P. Belzile, L. Lamarche, D.R. Rousse

École de technologie supérieure

1100 Rue Notre-Dame O, Montréal, QC Canada H3C 1K3

E-mail: patrick.belzile.1@ens.etsmtl.ca

Abstract. Sharing geothermal borefields is usually done with each borehole having the same

inlet conditions (flow rate, temperature and fluid). The objective of this research is to improve

the energy efficiency of shared and hybrid geothermal borefields by segregating heat transfer

sources. Two models are briefly presented: The first model allows the segregation of the inlet

conditions for each borefields; the second model allows circuits to be defined independently

for each leg of double U-tubes in a borehole. An application couples residential heat pumps

and arrays of solar collectors. Independent circuits configuration gave the best energy savings

in a symmetric configuration, the largest shank spacing and with solar collectors functioning

all year long. The boreholes have been shortened from 300 m to 150 m in this configuration.

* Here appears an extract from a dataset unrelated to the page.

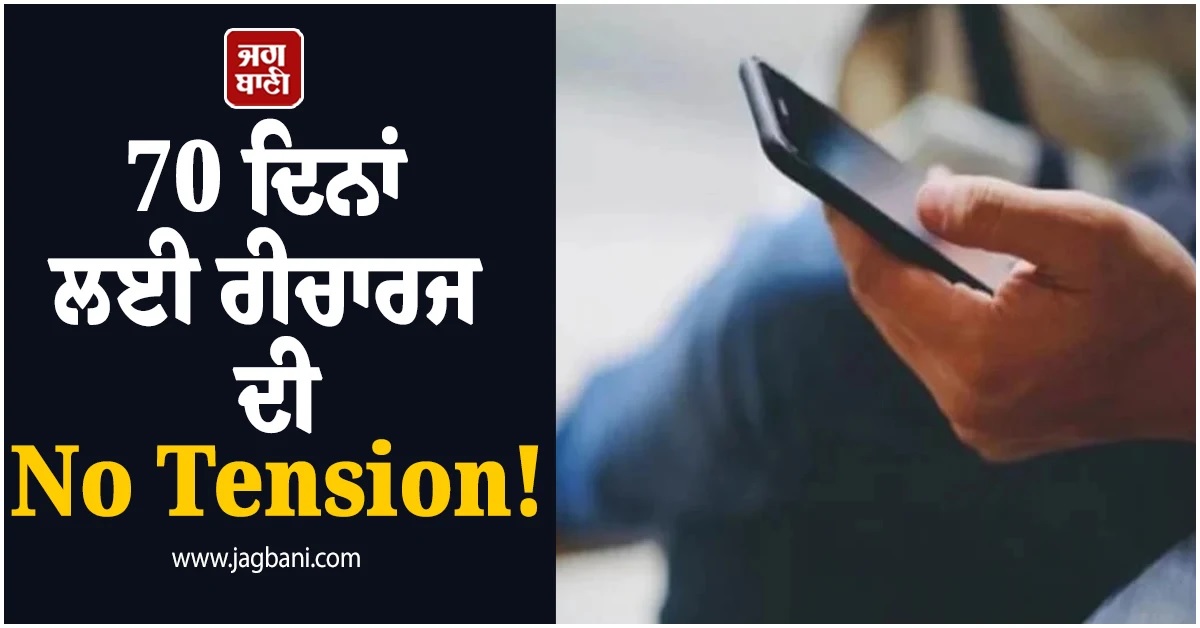 70 ਦਿਨਾਂ ਲਈ ਰੀਚਾਰਜ ਦੀ No Tension! Unlimited ਕਾਲਿੰਗ ਨਾਲ ਰੋਜ਼ ਮਿਲੇਗਾ 3 GB ਡਾਟਾ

Keywords: Ground source heat pumps, hybrid geothermal, geothermal model

1. Introduction

Ground source heat pumps, low temperature geothermal systems, are used in heating and cooling

applications; mainly buildings. The Intergovernmental Panel on Climate Changes (IPCC) projects that

the heat energy produced by ground source heat pumps will pass from 0.4 EJ/year in 2010 to 7.2

EJ/year in 2050 [1]. In cold climates, more heat is extracted from the ground during heating period

than injected during cooling period. Hybrid systems are a solution for such issue.

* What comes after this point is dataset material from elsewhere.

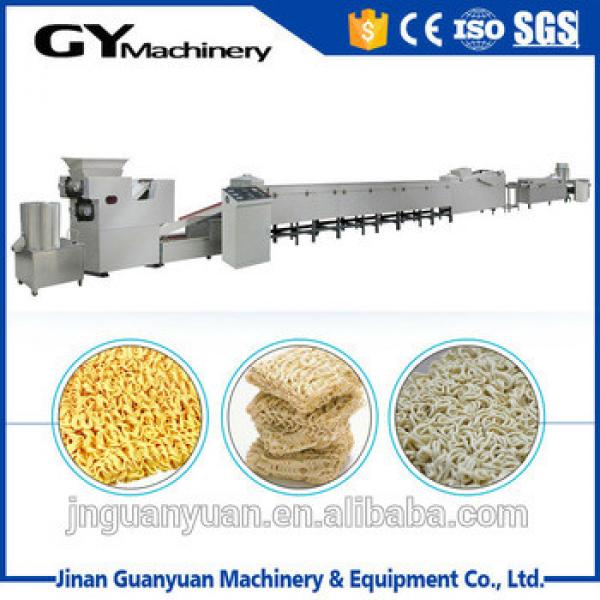 Fried Wavy Instant Noodle Production Line|Instant Noodle Making Machines #1 image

Sharing a ground source heat pump borefields is becoming more common. Many buildings and

processes with different heating and cooling loads profiles can share the same geothermal loop. It is

possible, even preferable to couple complementary load profiles. An example of hybrid geothermal

system would be to couple solar thermal collectors with heat pumps to a geothermal loop.

Nearly all available geothermal models consider only one inlet condition for all of the U-tubes and

boreholes of a borefield, limiting the amount of possible configurations and control strategies to be

evaluated. The objective of this research is to improve the efficiency of shared and hybrid geothermal

systems by segregating heat transfer sources. This will be achieved by developing a semi-analytical

model that considers independent inlet conditions for each borehole of a borefield in one part, and

developing a model that considers independent circuits of double U-tubes in each borehole in second

part.

In both models, the ground is modeled as a 2D diffusion control volume finite difference method.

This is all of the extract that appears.